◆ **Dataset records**
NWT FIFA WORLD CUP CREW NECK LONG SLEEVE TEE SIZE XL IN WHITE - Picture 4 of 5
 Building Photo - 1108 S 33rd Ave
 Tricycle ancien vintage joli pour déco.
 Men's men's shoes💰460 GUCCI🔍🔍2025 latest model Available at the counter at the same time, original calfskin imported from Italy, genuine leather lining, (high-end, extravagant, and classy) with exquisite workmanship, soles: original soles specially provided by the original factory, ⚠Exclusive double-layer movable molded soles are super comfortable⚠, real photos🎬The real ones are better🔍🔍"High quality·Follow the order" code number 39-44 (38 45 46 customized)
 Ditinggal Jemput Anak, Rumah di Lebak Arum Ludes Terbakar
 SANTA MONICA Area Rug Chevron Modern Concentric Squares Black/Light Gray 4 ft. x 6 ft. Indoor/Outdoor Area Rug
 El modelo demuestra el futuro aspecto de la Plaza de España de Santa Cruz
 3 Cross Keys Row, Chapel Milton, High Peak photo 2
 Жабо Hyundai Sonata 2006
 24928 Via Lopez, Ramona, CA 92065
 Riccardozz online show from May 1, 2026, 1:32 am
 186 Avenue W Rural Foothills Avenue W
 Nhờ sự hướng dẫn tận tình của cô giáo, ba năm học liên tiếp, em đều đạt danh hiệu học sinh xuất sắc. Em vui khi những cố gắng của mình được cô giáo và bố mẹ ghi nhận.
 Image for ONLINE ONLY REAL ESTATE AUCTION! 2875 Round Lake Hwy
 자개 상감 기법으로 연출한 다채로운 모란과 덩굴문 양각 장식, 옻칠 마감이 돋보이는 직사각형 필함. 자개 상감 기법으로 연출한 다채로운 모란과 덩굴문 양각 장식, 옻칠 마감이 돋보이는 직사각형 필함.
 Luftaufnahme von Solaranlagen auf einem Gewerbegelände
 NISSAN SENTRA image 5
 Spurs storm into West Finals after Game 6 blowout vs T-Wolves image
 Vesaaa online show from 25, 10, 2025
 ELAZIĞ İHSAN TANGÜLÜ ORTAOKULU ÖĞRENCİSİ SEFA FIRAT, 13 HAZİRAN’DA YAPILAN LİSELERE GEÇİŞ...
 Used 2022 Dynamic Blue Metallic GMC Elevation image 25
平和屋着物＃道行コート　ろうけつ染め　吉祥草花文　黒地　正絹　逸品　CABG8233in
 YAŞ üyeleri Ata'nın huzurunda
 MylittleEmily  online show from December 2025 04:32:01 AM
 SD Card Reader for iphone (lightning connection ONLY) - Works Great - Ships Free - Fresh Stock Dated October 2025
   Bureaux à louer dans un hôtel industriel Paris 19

◆ **AIM OF THE TASK**
Only the lines from the first line of the records through the one containing "Men's men's shoes💰460" should be reproduced, exactly, with both of them included.

◆ **WRITTEN ANSWER**
NWT FIFA WORLD CUP CREW NECK LONG SLEEVE TEE SIZE XL IN WHITE - Picture 4 of 5
 Building Photo - 1108 S 33rd Ave
 Tricycle ancien vintage joli pour déco.
 Men's men's shoes💰460 GUCCI🔍🔍2025 latest model Available at the counter at the same time, original calfskin imported from Italy, genuine leather lining, (high-end, extravagant, and classy) with exquisite workmanship, soles: original soles specially provided by the original factory, ⚠Exclusive double-layer movable molded soles are super comfortable⚠, real photos🎬The real ones are better🔍🔍"High quality·Follow the order" code number 39-44 (38 45 46 customized)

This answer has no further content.